Produced by: Joel Silver, Andy Wachowski, Larry Wachowski
Written by: Andy Wachowski, Larry Wachowski
Distributor: Warner Bros.


Natalie Portman as Evey in Warner Bros. Pictures' V for Vendetta

Hugo Weaving in Warner Bros. Pictures' V for Vendetta

Natalie Portman as Evey in Warner Bros. Pictures' V for Vendetta

     Now, here I am presented with the age-old critical dilemma that every reviewer pulls their teeth out over: should a film be judged solely on its cinematic qualities, or also on the message it chooses to convey? Huh?—you’re thinking. V for Vendetta? Isn’t that the Natalie Portman action-movie written by those two guys who made The Matrix? The one that’s based on a comic-book? The one with the hero that wears that strange mask as he frolics around carrying out whatever justice he carries out? How could such a dilemma arise over that movie?

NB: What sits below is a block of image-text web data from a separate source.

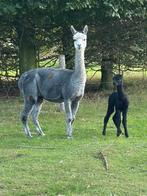 Grijze alpaca merrie met zwart merrieveulen alpacas alpaca’s, Dieren en Toebehoren, September, Meerdere dieren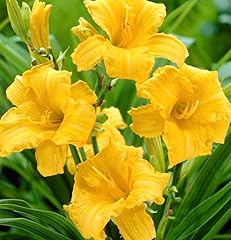 Golden yellow stella for sale  Delivered anywhere in USA 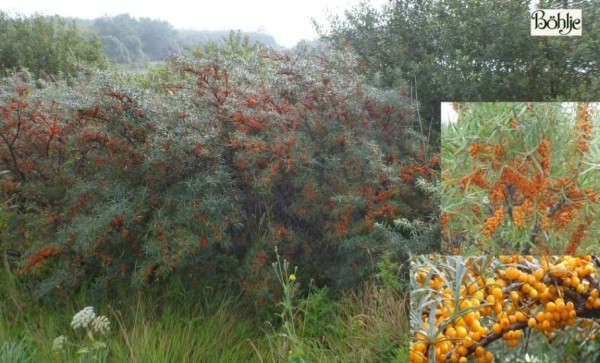 Hippophae rhamnoides 'Frugana' / 'Hergo' / 'Leikora' -weiblich-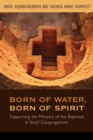 Image for Born of water, born of Spirit: supporting the ministry of the baptized in small congregations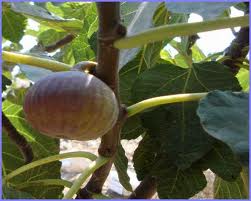 اضغط على الصورة لعرض أكبر.   الإسم:	imagesCAXPQD4V.jpg  مشاهدات:	1  الحجم:	9.7 كيلوبايت  الهوية:	850026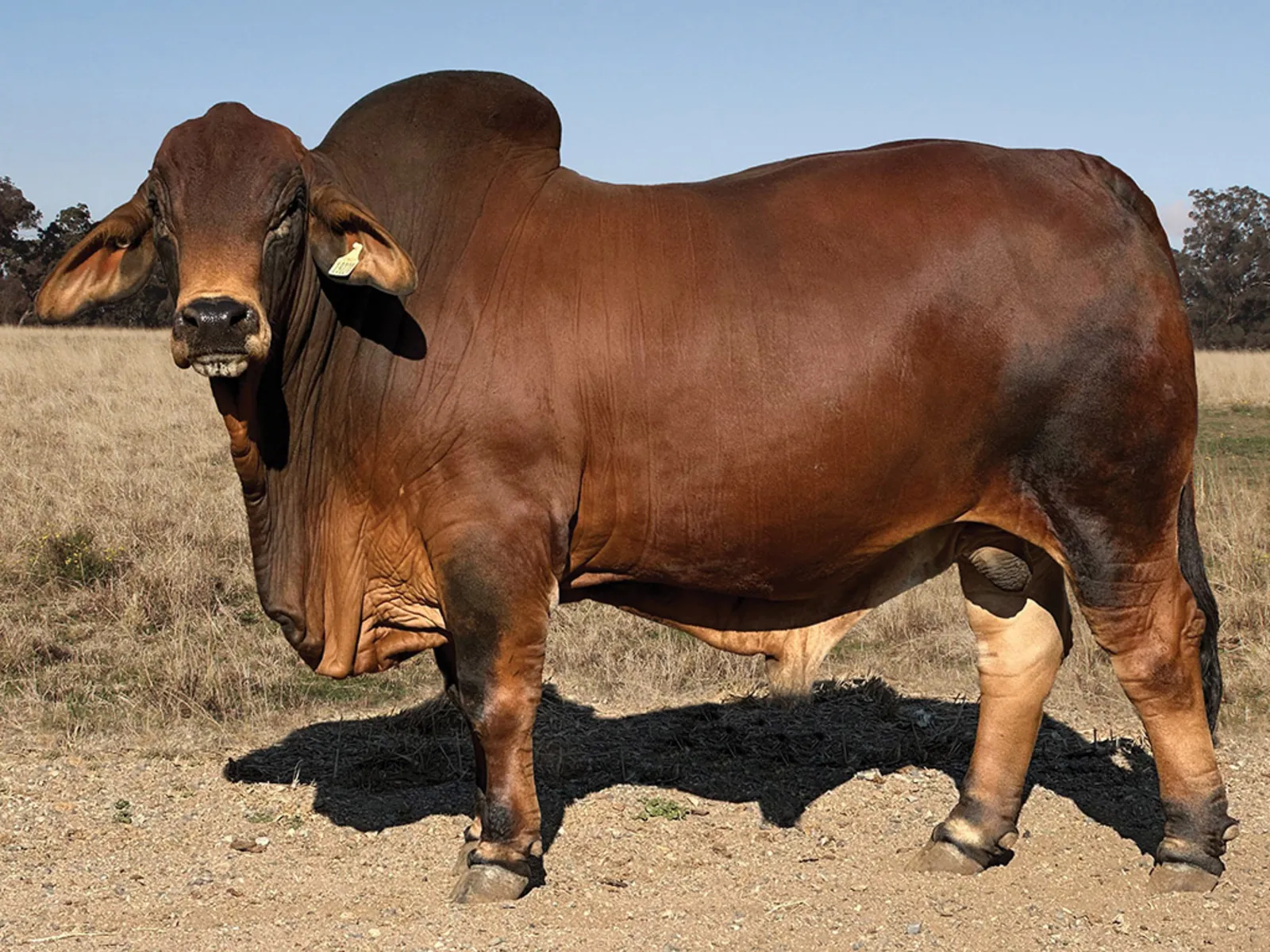 GOLD CITY BRAHMAN BULL SALE - Auction 129251 | AuctionsPlus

     Well, color yourself stunned; there’s more to V for Vendetta than its trailer might suggest. In it, Natalie Portman plays Evie, a TV-station reporter living in London, in an alternate reality set twenty years from now. In this alternate reality, the United Kingdom has been taken over by fascism and is controlled by a dictator, while America merely stands by and watches due to a massive plague that has wiped out half of its population. The only person that can save the British Citizens from the regime oppressing them is V (Hugo Weaving of Agent Smith-fame), the mysterious masked-man who looks so cool in all of the film’s promotional materials. He is a proclaimed “terrorist” who sees the need to violently rebel against the government. Early on in the movie, V comes to Evie’s aid as she is being violently hassled by curfew-officers when walking home late one night. While thankful for being saved, this regretfully (or perhaps by destiny?) brings her into V’s life, forcing her to hide from the government who sees her as his conspirator.


     A basic description of V for Vendetta hardly makes it seem at all controversial, but the film’s presentation and context imply otherwise. If V is rightfully rebelling against an oppressive fascist government, then why does the script insist on dubbing him a “terrorist” rather than a “revolutionary”? I could understand this if only his targets used such a title in referring to him because of their status as antagonists in the story, but V himself seems to bask in the glory of the term. It seems troubling to me to be associating the idea of terrorism with a hero who not only stages attacks on a Nazi-like regime, but even takes the time to throw in some fireworks for the public to enjoy when bombing a government-facility. All of this seems even more peculiar when one links it to the references made to Western Attitudes towards Islamic Terrorism in the film, especially those regarding the government-mandated censorship of the Koran in Evie and V’s society.


     However misguided some of the film’s suggestions may be, my prominent mentioning of them also underscores the thoughtful ideas that the movie actually has to offer. In the modern-day international climate, are Western Societies doing all they can to protect Democracy? Are they suffering because they do not understand enough about their terrorist enemies? From this perspective, V for Vendetta is fascinating: while most films of the sort take on a third-person POV, it instead allows the audience’s sympathies to lie within the relationship between “terrorist” V and the innocent Evie. The viewer is able to see the attacks against the government from the rebels’ viewpoint. This is pulled off much thanks to Portman and Weaving’s excellent performances.


     The action in V for Vendetta is probably the least interesting thing about it, as the movie is just as much (if not more) about ideas—for better or for worse—than sci-fi allegories. However, that is not to say that its more fantastical scenes aren’t well-done; the film’s dark, foggy, and macabre art direction suits it brilliantly and looks gorgeous. Although it’s a little long and slightly more sprawling than I would’ve hoped, V for Vendetta is, in many ways, all one could ask for in a mainstream movie. Thus, again, I return to my original dilemma: should I be more eager to praise it, or more questioning towards its liberal definition of terrorism? For now, I’ll merely find a harmony between the two and say that it’s certainly an interesting movie that deserves to be seen, regardless of one’s impression of it.